Mir nach, Canaillen!

von Korff

Ohne im Rätsellöser nachschlagen zu müssen: Dies ist der Titel eines Mantel-und-Degen-Films der DEFA von 1964 unter Regie von Ralf Kirsten mit einem besonders prominenten Schauspieler (nicht Hans-Peter Korff, wenn auch naheliegend!).
In den gebildeten Ständen zitiert man häufig diese ausführlichere Fassung zum Begriff: „Ein zuckersüßes Brüderchen! In der That! – Franz heißt die Canaille?“, aus dem Sprachschatz von Schiller. Auch Thomas Mann und Marcel Proust bedienten sich dieser Metapher, so dass man davon ausgehen kann, hierbei handelt es sich inzwischen sowohl um einen Bildungsnachweis als auch ein literarisches Bild, das nicht unbedingt 1 : 1 zu nehmen ist, bei gutem Willen jedenfalls.
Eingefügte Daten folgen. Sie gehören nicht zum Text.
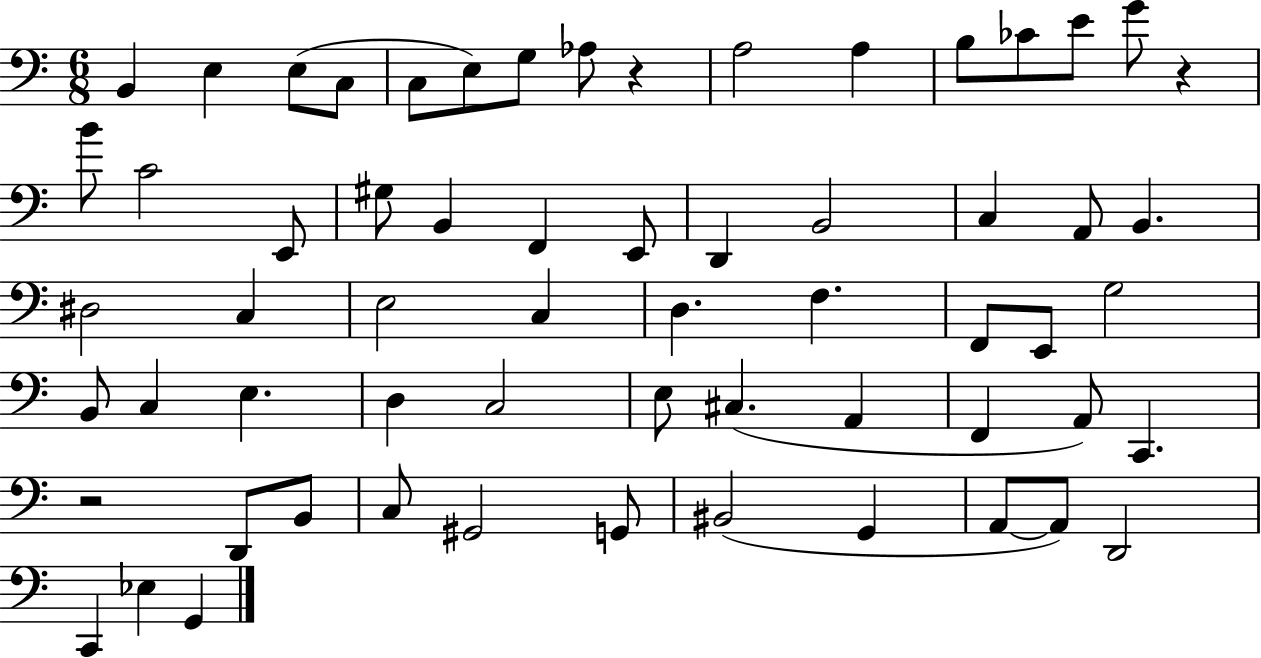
X:1
T:Untitled
M:6/8
L:1/4
K:C
B,, E, E,/2 C,/2 C,/2 E,/2 G,/2 _A,/2 z A,2 A, B,/2 _C/2 E/2 G/2 z B/2 C2 E,,/2 ^G,/2 B,, F,, E,,/2 D,, B,,2 C, A,,/2 B,, ^D,2 C, E,2 C, D, F, F,,/2 E,,/2 G,2 B,,/2 C, E, D, C,2 E,/2 ^C, A,, F,, A,,/2 C,, z2 D,,/2 B,,/2 C,/2 ^G,,2 G,,/2 ^B,,2 G,, A,,/2 A,,/2 D,,2 C,, _E, G,,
Geht auch als Geflunker. Freilich bleibt als Kern, anders herum betrachtet: Man kann auch Canaille sein, ohne Franz zu heißen.
Was den Berliner Grünen-Politiker Dirk Behrendt (nach Zeitungstext mit weiterem Vornamen „Fundi“, was Korff komisch findet) offenbar dazu veranlasste, bei einer Frage an Klaus Wowereit auf den in Rede stehenden Ausruf zurückzugreifen. Möglicherweise in Fehleinschätzung, bei und mit Herrn Wowereit könne man auf einen Schelm anderthalbe setzen. Jedenfalls murmelte Behrendt in diesem Zusammenhang etwas von „Schmidt“ und „heißt die Kanaille“.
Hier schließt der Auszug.